The design of assessment, both in the questions asked and the ways in which those questions are asked can play a major role in minimising the opportunities for plagiarism.
If you suspect plagiarism has occurred the Student Progress Service provides advice (see under the Assessment Irregularities information).
The Turnitin service can be used to check electronically available written work and is integrated with Blackboard. Read the introductory guide to using Turnitin with Blackboard.
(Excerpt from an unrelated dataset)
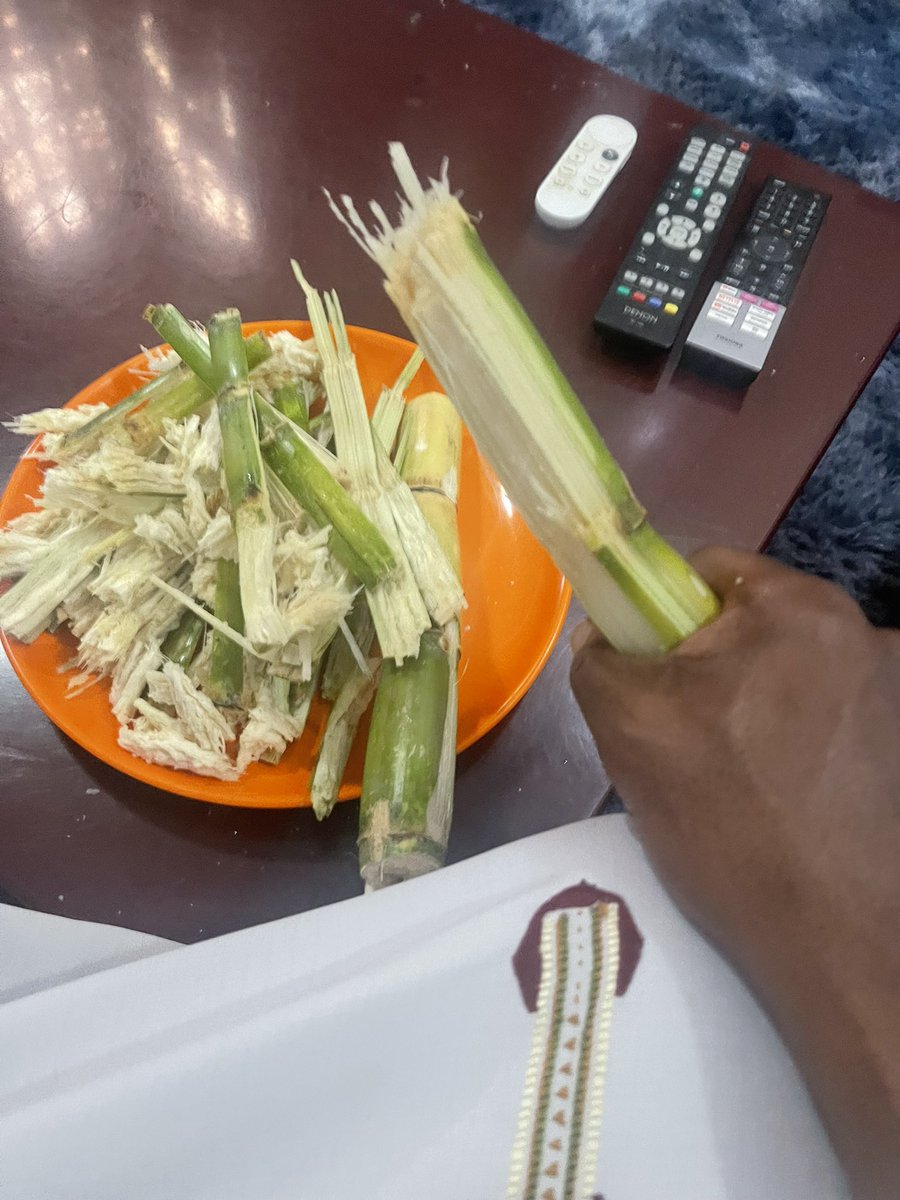 skaheru's tweet photo. You delayed #SnackTimeUG has ended for today! https://t.co/o8NTIJDdSp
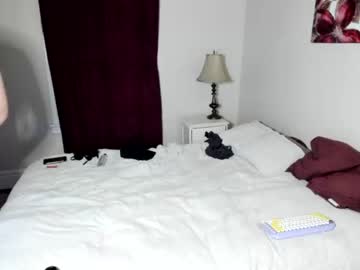couple
        shaynevspamela cam image #1359224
LTDS offers, via the Staff Development Workshop (SDU), a dedicated workshop which investigates the drivers which influence students to plagiarise, considers practical ways to minimise the likelihood of plagiarism occurring, and discusses ways of detecting plagiarism (including Turnitin software) and the steps to take if you think you have found an instance of plagiarism. If the workshop dates are not suitable LTDS are happy to run bespoke events for small groups.
The Right-Cite webpages provide further information and links to resources for staff and students.
The IJEI is an international, peer-reviewed journal providing a platform for educators across all sectors to research issues in the multi-disciplinary field of educational integrity. The IJEI challenges readers to consider the changing nature of education in a globalised environment, and the impact that conceptions of educational integrity have on issues of pedagogy, academic standards, intercultural understanding and equity.